Pourtant, l’ethnobotanique est loin d’être une discipline dévolue à l’étude des usages médicinaux des plantes. Née d’une reconversion de la botanique coloniale, elle a été conceptualisée par des agronomes désireux de mieux comprendre les relations que tissaient sur les territoires exotiques les hommes et les plantes. La littérature scientifique relative à l’histoire et au champ de recherche de l’ethnobotanique en France (Bahuchet, 2011, 2012, 2014 ; Bahuchet et Lizet, 2003 ; Barrau, 1971, 1973, 1974, 1976, 1979, 1985 ; Bonneuil, 1996 ; Bromberger, 1986 ; Demeulenaere, 2017 ; Hoare, 2012 ; Portères, 1956, 1957a, 1957b, 1961, 1965, 1966, 1969 ; Roué, 2012) et à l’étranger

34 (Clément, 1998a, 1998b ; Hunn, 2007), de même que les œuvres des grands fondateurs (Harshberger, 1896a, 1896b ; Haudricourt, 1956, 1962, 1964 ; Haudricourt et Hédin, 1943), ont été consultées afin de dresser l’histoire et les modalités de l’ethnobotanique. Les recherches menées par les anthropologues du Laboratoire d’anthropologie sociale (Descola, 2004, 2005, 2006, 2011 ; Brunois, 2002, 2005, 2007) ont également permis d’appréhender les autres approches et catégories d’analyse de l’anthropologie des rapports flore-société. Pour caractériser la spécificité de l’ethnobotanique produite à Salagon, la lecture des actes du séminaire annuel organisé par l’institution (Lieutaghi et Musset, 2003, 2004, 2006, 2008, 2010, 2011, 2013, 2014, 2015a, 2015b) et des travaux publiés par les ethnobotanistes fondateurs (Lieutaghi, 1983a, 2003, 2008 ; Musset, 1999, 2003, 2008, 2012 ; Musset et Dore, 2006) a été étayée par l’analyse de publications relatives aux caractéristiques d’un lieu de savoir et d’une école de pensée (Bert, 2015 ; Jacob, 2007, 2014).

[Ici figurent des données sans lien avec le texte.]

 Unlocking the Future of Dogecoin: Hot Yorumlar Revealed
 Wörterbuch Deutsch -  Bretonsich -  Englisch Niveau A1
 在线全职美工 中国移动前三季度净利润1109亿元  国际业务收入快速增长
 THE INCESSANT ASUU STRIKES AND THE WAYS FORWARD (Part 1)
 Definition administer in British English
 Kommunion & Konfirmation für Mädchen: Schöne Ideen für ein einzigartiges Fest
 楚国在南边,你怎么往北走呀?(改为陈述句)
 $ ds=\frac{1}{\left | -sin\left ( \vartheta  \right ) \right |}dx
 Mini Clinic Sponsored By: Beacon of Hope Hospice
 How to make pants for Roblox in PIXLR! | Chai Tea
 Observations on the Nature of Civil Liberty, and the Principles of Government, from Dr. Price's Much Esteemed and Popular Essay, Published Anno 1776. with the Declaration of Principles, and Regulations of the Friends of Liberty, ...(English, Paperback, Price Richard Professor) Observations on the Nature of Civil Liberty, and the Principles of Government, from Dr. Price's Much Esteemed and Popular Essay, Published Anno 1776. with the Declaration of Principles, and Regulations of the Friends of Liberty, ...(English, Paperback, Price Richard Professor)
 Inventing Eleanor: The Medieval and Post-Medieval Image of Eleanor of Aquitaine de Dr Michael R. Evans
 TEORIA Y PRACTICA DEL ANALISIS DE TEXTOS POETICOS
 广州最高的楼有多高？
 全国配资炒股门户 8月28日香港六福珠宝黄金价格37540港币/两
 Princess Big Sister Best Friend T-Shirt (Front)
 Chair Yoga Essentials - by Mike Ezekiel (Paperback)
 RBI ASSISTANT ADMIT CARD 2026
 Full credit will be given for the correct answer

Pour les paysans-herboristes, l’ethnobotanique constitue tout à la fois une approche scientifique et une ressource politique qui s’articule avec leur profession. Plusieurs schèmes empruntés à l’histoire et à la sociologie des sciences (Haraway, 2007 ; Harding, 1996 ; Pestre, 2003) ont permis de conceptualiser les dynamiques et les tensions qui modélisent la façon dont les producteurs utilisent les savoirs ethnobotaniques. La reconnaissance patrimoniale des savoirs ethnobotaniques contribue à leur mobilisation au service de l’autonomie thérapeutique. Plusieurs travaux consacrés aux caractéristiques du processus de patrimonialisation ont été utilisés pour appréhender les différentes dynamiques engagées par les producteurs (Cormier-Salem et Roussel, 2002 ; Micoud, 2005 ; Rautenberg, 2003) et les enjeux nouveaux créés par la constitution de la catégorie du Patrimoine Culturel Immatériel (PCI) (Bortolotto, 2011 ; Bromberger, 2014 ; Fournier, 2011). Les notions de communauté épistémique (Haas, 1992), de plaidoyer épistémique (Hayden, 2003) et d’ontologie politique (Demeulenaere, 2014) ont également permis de préciser la façon dont les herboristes paysans mobilisent l’ethnobotanique comme un projet politique.